30

62.1K 5.9K 101
                                    

Di hari kedua masuk sekolah, wajah Maira tidak se-kacau kemarin. Pagi tadi dia sudah menyetok ASI sebanyak-banyaknya, jadi dia bisa merasa tenang. Di jam istirahat ini, dia bahkan mau ikut makan ke kantin bersama Anisa dan Sindi.

Soal kejadian kemarin sore di ruko, hal itu memang sudah biasa. Jadi, setelah menangis, Maira berusaha melupakan semua perkataan Bu Nani dan Bu Iceu.
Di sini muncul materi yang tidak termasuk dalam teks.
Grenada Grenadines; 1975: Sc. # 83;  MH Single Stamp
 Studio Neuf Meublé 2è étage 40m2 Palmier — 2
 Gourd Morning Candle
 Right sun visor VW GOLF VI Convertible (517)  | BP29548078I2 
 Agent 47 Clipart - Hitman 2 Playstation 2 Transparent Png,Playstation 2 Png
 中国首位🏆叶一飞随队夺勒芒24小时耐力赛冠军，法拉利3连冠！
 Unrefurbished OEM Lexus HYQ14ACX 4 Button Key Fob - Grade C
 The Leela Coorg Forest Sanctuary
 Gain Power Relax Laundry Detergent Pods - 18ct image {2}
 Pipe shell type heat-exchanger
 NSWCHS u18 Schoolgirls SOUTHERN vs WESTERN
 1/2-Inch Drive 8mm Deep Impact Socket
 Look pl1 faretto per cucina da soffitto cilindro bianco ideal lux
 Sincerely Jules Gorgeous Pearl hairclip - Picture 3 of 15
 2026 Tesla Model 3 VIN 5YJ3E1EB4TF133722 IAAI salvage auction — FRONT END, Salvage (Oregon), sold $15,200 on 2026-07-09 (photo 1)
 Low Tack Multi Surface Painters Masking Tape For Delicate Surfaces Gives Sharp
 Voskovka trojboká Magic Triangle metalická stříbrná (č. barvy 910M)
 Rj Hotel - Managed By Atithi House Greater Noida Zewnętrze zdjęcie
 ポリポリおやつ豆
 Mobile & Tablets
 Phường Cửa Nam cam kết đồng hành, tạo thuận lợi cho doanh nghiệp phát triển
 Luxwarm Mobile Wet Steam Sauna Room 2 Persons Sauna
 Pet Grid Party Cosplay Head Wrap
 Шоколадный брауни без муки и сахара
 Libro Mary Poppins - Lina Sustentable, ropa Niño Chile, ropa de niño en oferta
Inilah resiko yang harus dia terima karena semua dosanya di masa lalu, takdir memang adil. Dia pantas mendapatkan cemoohan dari orang-orang.

"Kesel deh," Sindi mulai membuka suara saat ikut duduk bersama Anisa dan Maira, setelah membeli makanannya.

"Kenapa?" tanya Anisa heran sambil mengupas kuaci, lalu memasukkan isinya ke dalam mulut.

"Anjas and the geng," jawab Sindi singkat, wajahnya terlihat masih berapi-api.

Gadis itu merasa sangat kesal pada teman-teman sekelasnya yang dikenal suka buat onar. Setiap hari ada saja kelakuan Anjas dan kawan-kawan yang membuat orang-orang kesal. Tadi saat Sindi akan memesan makanan, dengan entengnya mereka menggodanya, bilang Sindi cantik lah, bohay lah, apalah. Setelah itu, mereka ikut pesan dan setelah pesanan mereka didapat, mereka pergi begitu saja sambil berteriak pada penjaga kantin kalo pesanan mereka akan dibayar oleh Sindi. Menyebalkan! Mending kalo satu orang, ini lima!

"Ish, kenapa kamu mau-mau aja bayarin, tinggal pergi, apa susahnya?" tanya Anisa tidak habis pikir.

Sindi berdecak. "Mana bisa? Ibu kantinnya udah melotot serem liatin aku. Gak ada pilihan lain."

Anisa malah menertawakan, sementara Maira menatapnya dengan kasihan.

"Sabar ya, mungkin hari ini kamu lagi sial," kata Maira begitu tenang sambil mengusap bahu Sindi dengan perhatian.

Alis Anisa bertaut mendengar ucapan Maira, dan dia kembali tertawa.

"Maira bener tuh!"

Sindi mengerutkan bibirnya, lalu memakan baksonya dengan lahap.

"Mai, aku pengen liat deh wajah kamu kalo marah kayak gimana? Kayaknya kamu jarang marah ya?" tanya Anisa.

"Penasaran gitu, lebih serem gak dari wajah Sindi."

Maira hanya menggeleng dengan mulut penuh makanan. Aneh-aneh saja pertanyaan Anisa ini.

"Cewek dengan wajah soft kayak Maira mana bisa serem, yang ada malah gemes." ujar Sindi.

Sindi tidak bisa membayangkan bagaimana menggemaskannya wajah Maira ketika masih kecil, sudah sebesar ini saja Maira masih terlihat menggemaskan. Apalagi pipi putihnya yang agak kemerahan itu, terlihat manis sekali dipandang. Sindi yang perempuan saja begitu suka melihat wajah Maira, apalagi laki-laki. Bisa Sindi tebak, penggemar Maira pasti banyak. Terbukti, baru dua hari masuk sekolah saja dia sudah dikenal oleh banyak cowok di sekolah ini.

"Iya, bener juga sih." kata Anisa yang kini ikut memperhatikan wajah Maira.

"Ih, kalian kenapa jadi bahas aku sih?" tanya Maira merasa tidak nyaman, kemudian mangkuk bakso yang tinggal tersisa sedikit airnya itu didorong ke depan dan dia meraih es jeruknya, lalu diminum perlahan.

Kedua temannya melongo tidak percaya. Maira cepat sekali makannya, sebungkus kuaci milik Anisa saja sejak tadi belum juga habis. Bagiamana bisa?

"Mai, kamu makan cepat banget, laper ya?" tanya Anisa.

Maira hanya mengangguk, mereka mana paham jika ibu menyusui memang mudah lapar. Dan ketiganya kembali membuka obrolan ke sana-kemari. Setelah makanan mereka habis, akhirnya Sindi mengajak untuk kembali ke kelas, karena kantin pun sudah mulai sepi dan tidak lama lagi bel masuk akan berbunyi.